DIRECTIONS: Go to the line holding "orange and white" in the entries below and write out exactly every line down to and including the line holding "Coffee table petrified wood 43182".
════════════════════
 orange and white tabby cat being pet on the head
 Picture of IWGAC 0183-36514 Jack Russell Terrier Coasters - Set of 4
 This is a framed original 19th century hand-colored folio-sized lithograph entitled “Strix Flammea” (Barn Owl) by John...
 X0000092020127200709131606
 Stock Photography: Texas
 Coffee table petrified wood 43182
════════════════════
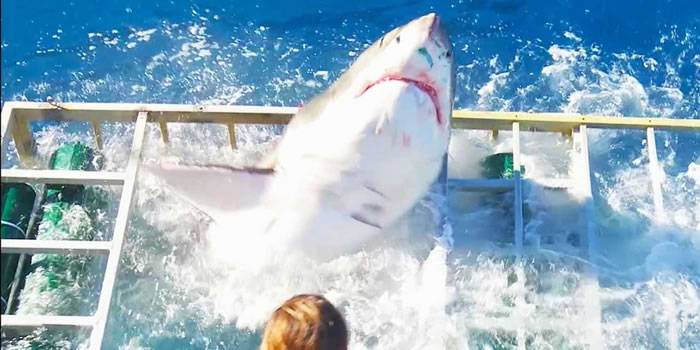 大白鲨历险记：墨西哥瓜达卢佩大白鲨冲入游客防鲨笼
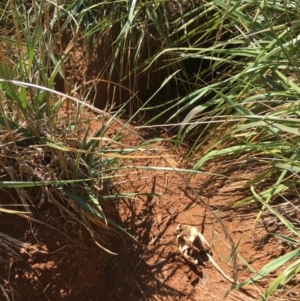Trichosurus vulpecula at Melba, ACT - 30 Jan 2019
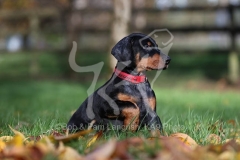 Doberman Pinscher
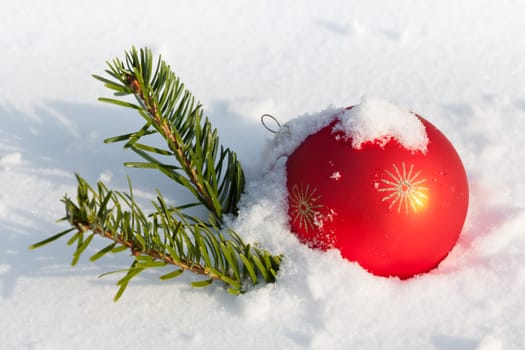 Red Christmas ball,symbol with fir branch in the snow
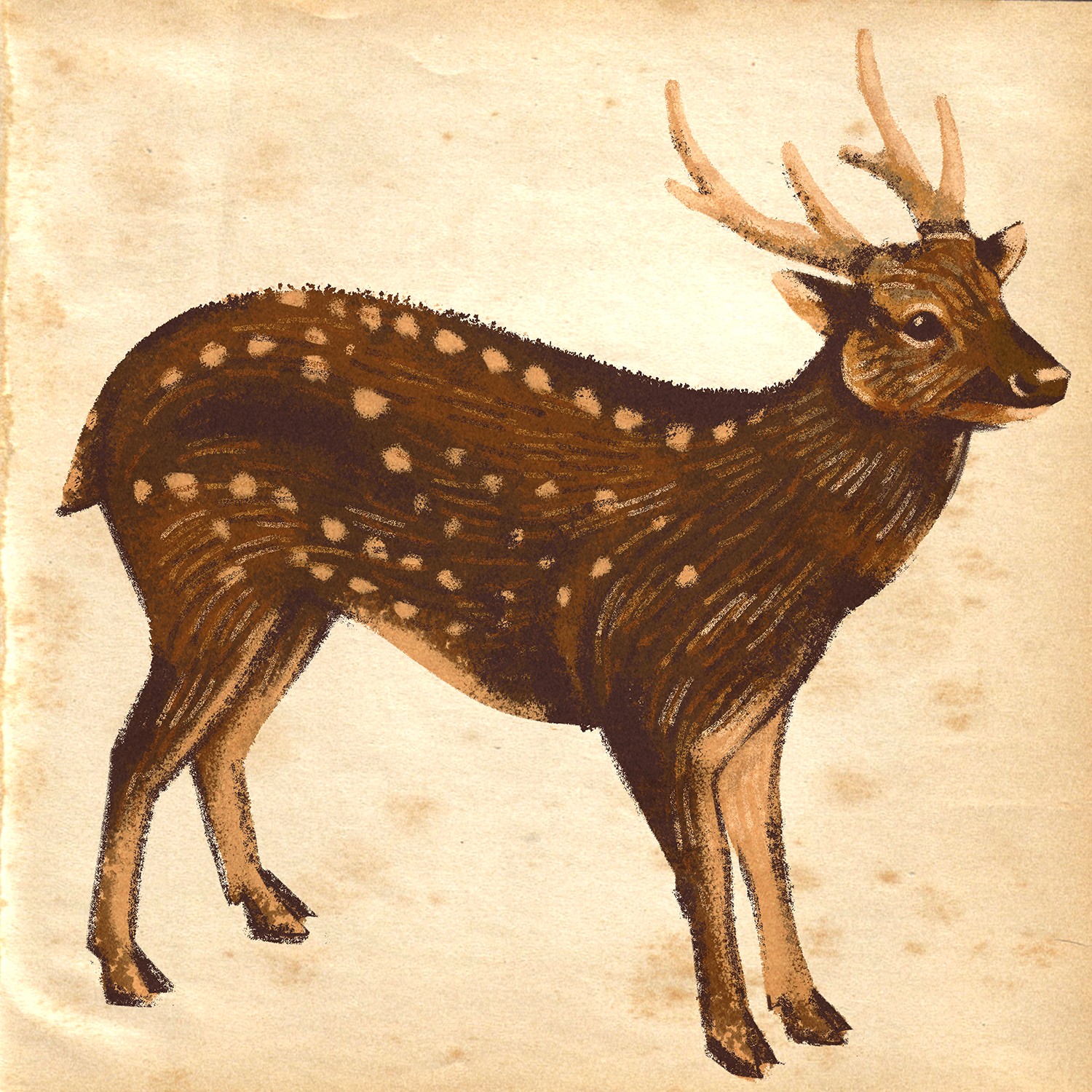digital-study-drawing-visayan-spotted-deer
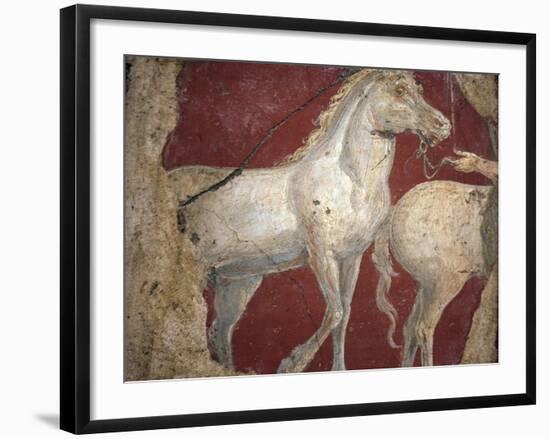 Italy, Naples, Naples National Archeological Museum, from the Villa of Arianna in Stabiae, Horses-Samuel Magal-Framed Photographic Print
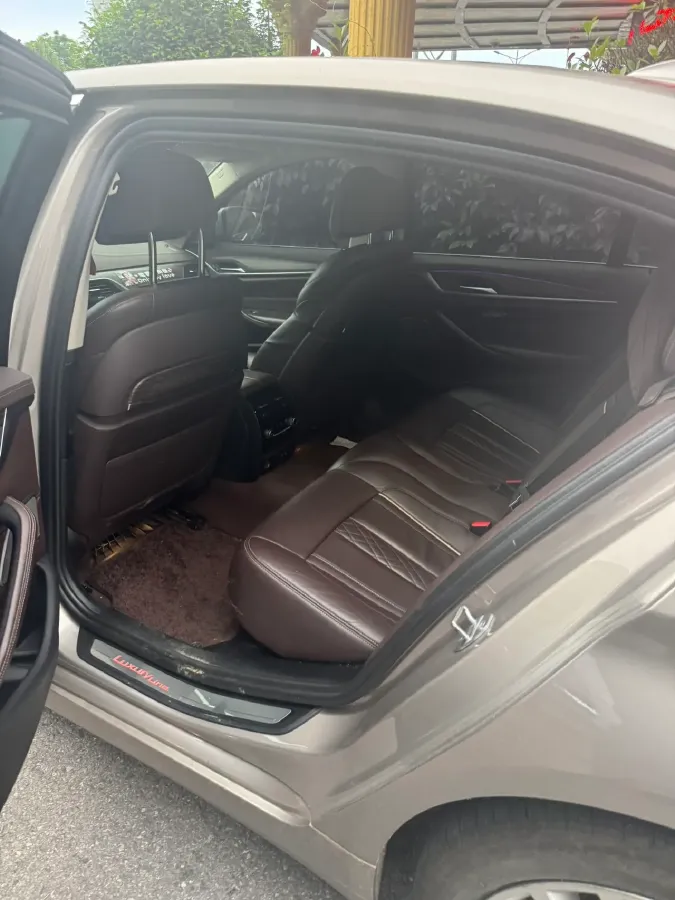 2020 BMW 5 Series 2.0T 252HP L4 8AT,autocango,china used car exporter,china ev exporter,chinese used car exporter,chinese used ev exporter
════════════════════
TASK RESPONSE:
 orange and white tabby cat being pet on the head
 Picture of IWGAC 0183-36514 Jack Russell Terrier Coasters - Set of 4
 This is a framed original 19th century hand-colored folio-sized lithograph entitled “Strix Flammea” (Barn Owl) by John...
 X0000092020127200709131606
 Stock Photography: Texas
 Coffee table petrified wood 43182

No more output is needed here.